LM Fiction de Berni Goldblat, France / Burkina Faso, 2017
Sortie France : 28 juin 2017


Comment calmer un adolescent noir, turbulent, qui vit dans une banlieue française ? En l'expédiant illico dans sa famille africaine, au cœur du Burkina Faso. C'est ce trajet initiatique, multiculturel et dynamique, que met en scène Berni Goldbalt dans Wallay, 2017. L'immersion des cultures et l'adhésion à l'Afrique rurale, le réalisateur remuant les connaît bien. Né à Stockholm, en Suède, ce citoyen suisse s'est établi depuis les années 2000, au Burkina où il anime des ateliers de tournage pour Cinomade, association qu'il crée avec Daphné Serelle, tout en réalisant des films personnels, assez percutants.
Ceux de la colline, 2009, qui approche les travailleurs des mines d'or, l'a imposé comme un observateur sensible des réalités du Burkina. Et depuis qu'il est installé à Bobo-Dioulasso, il milite activement pour la réouverture du Ciné Guimbi, un cinéma de plein air sur lequel se construit une salle polyvalente pour laquelle il mobilise des fonds sans cesse. Sa passion du 7ème art s'exprime aujourd'hui avec Wallay, une fiction en forme de ricochet entre la banlieue lyonnaise et la campagne du Burkina.






Ady est un garçon déluré qui vit à Vaulx-en-Velin, et donne du fil à retordre à son père qui l'élève. Excédé, ce dernier l'expédie pour des vacances prolongées, chez son frère, au Burkina. Celui-ci dirige la famille avec autorité. Il parle à Ady en dioula, et se sent investi d'une mission : redresser le garçon irrespectueux. L'atmosphère laborieuse de Gaoua, près d'un lac où l'oncle et le cousin d'Ady pratiquent la pêche, est en décalage avec le comportement du banlieusard transplanté.
On apprend vite qu'il a détourné de l'argent des mandats envoyés par son père à la famille, pour s'acheter des gadgets new look dont son portable et ses chaussures fluo. L'oncle le somme de rembourser en travaillant, puis l'envoie chez sa grand-mère pour l'initier, en passant par la forêt sacrée, et le faire circoncire. Ce que Ady n'est pas prêt à supporter même s'il paraît s'amender au contact affectueux de sa grand-mère, et du regard langoureux de sa grande cousine. Au retour, il se met à pêcher, sous l'oeil attendri de l'oncle qui lâche quelques confidences en français. La circoncision est suspendue après un accident, causé par Ady qui en arrive à secourir son oncle. Le retour en France peut alors être accordé sous le regard de la cousine avec laquelle Ady va correspondre.
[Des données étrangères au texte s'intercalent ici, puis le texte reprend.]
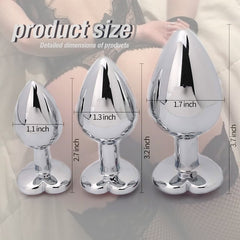 Silver Metal Butt Plug Set  Fizzglow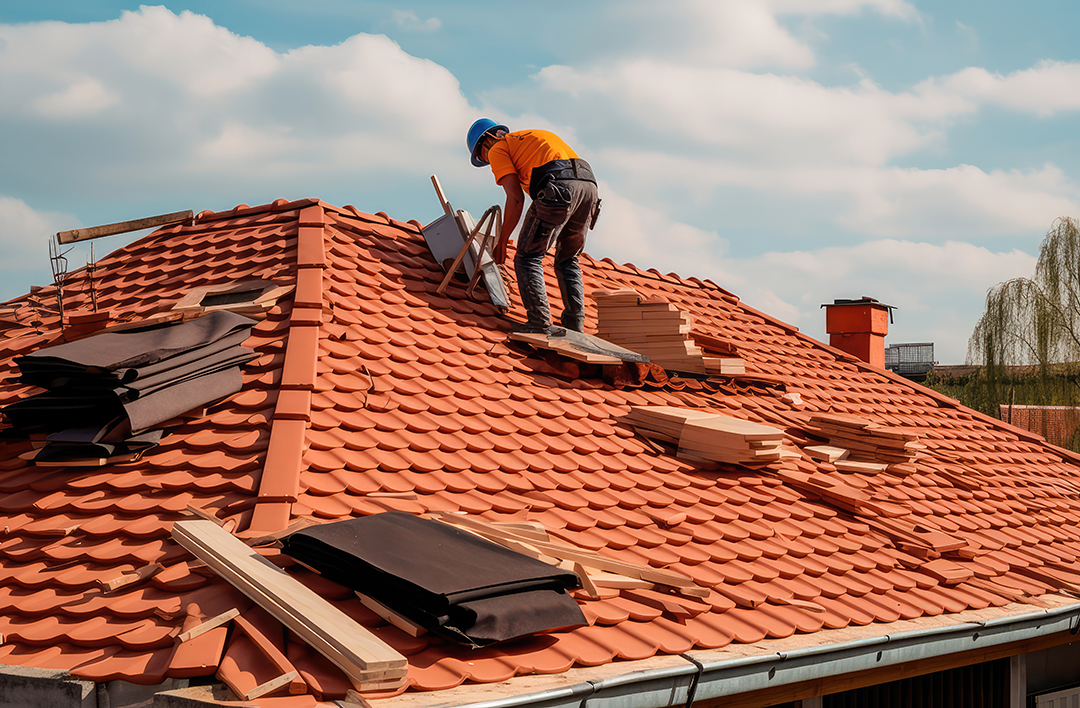 Local Roof Maintenance: Finding the Best Service Providers 4 The Master Repairs The Roof Tiles Of The House Roofing, Repair And Renovation Work Generative AI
En jetant Ady dans les réalités rurales et familiales du Burkina Faso, Berni Goldblat prône un choc des cultures salutaire. Il valorise le sens de la famille, la solidarité du clan et des sentiments, peu perceptibles dans la banlieue française. Mais le cinéaste connaît bien l'environnement éthique et culturel du Burkina dont il est devenu citoyen [en 2017, ndlr]. Il filme avec vivacité la trajectoire de son héros qui apprend que les chaussures griffées qu'il porte peuvent se trouver au marché du coin, et que même si on ne capte pas la 4G, les portables et les ordinateurs font circuler les commentaires.
Déstabilisé par un rythme de vie qu'il n'envisageait pas, Ady accomplit peu à peu sa rédemption, apprenant l'humilité et le rapport aux autres. Berni Goldblat épouse cette évolution en captant avec souplesse les espaces urbains, le village, la forêt sacrée comme les séances de pêche sur le lac. Sa caméra mobile est attentive aux acteurs dont le jeune Makan Nathan Diarra, en héros buté et convaincant. Des figures réputées du Burkina comme Joséphine Kaboré, Georgette Paré, Abdoulaye Komboudri ou Drissa Touré apportent leur caution à l'aventure comme la vedette malienne, Habib Dembelé, et son collègue Hamadou Kassogué.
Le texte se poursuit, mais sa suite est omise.